[HOW TO COMPLETE THIS TASK]
Reproduce exactly, from the data that follows, the line with "Wowcher Women’s Black", the line with "Премьер Василе Тофан, похоже, окончательно", and every line that lies between them.

[DATA FOR REVIEW]

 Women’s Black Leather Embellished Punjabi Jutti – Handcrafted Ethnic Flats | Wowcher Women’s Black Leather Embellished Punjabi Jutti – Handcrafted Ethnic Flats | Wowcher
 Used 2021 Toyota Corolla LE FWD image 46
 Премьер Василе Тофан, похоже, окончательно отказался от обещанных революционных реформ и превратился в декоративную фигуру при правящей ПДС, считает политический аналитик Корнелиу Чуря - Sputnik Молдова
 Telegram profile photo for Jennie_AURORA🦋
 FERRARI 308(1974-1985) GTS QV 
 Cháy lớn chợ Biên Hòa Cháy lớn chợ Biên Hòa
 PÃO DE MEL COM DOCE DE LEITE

---

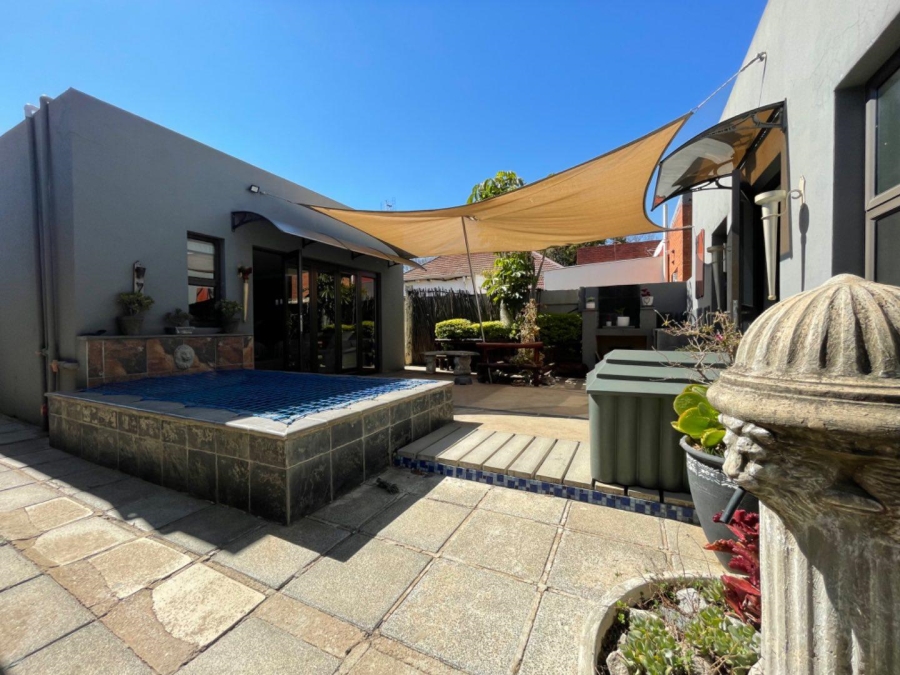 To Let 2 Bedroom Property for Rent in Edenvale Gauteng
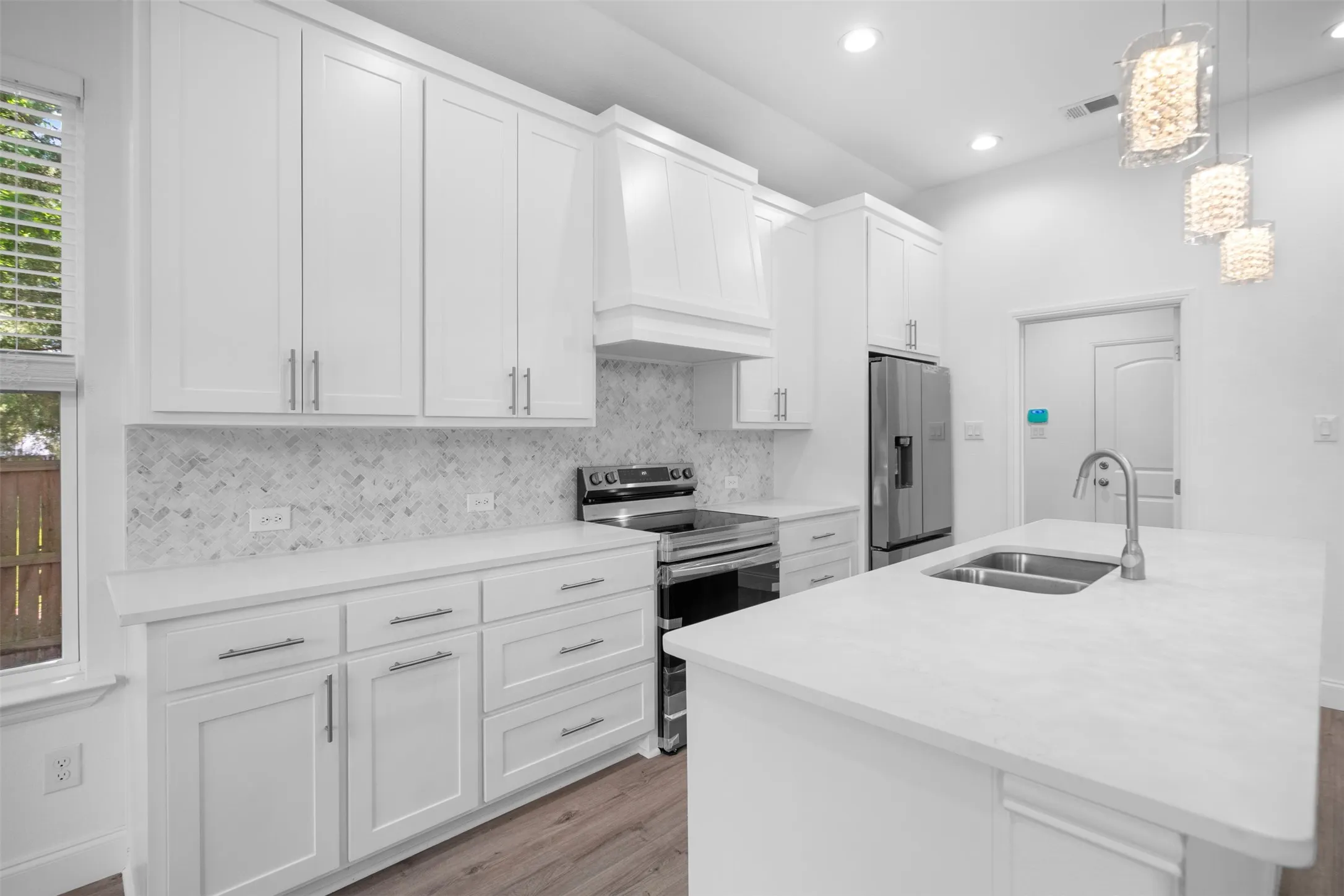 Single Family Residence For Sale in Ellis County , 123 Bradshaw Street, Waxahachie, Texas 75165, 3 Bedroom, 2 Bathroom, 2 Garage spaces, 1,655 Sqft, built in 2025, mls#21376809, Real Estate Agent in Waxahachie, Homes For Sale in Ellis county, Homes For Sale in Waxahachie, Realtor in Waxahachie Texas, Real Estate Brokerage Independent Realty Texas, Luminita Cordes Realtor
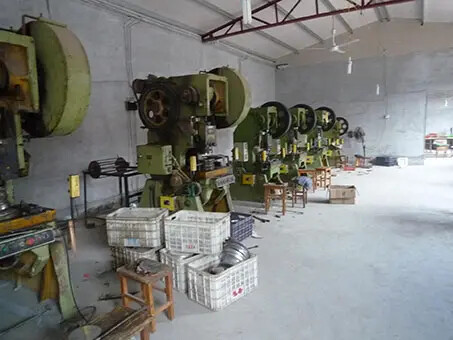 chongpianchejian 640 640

[TASK OUTPUT]
 Women’s Black Leather Embellished Punjabi Jutti – Handcrafted Ethnic Flats | Wowcher Women’s Black Leather Embellished Punjabi Jutti – Handcrafted Ethnic Flats | Wowcher
 Used 2021 Toyota Corolla LE FWD image 46
 Премьер Василе Тофан, похоже, окончательно отказался от обещанных революционных реформ и превратился в декоративную фигуру при правящей ПДС, считает политический аналитик Корнелиу Чуря - Sputnik Молдова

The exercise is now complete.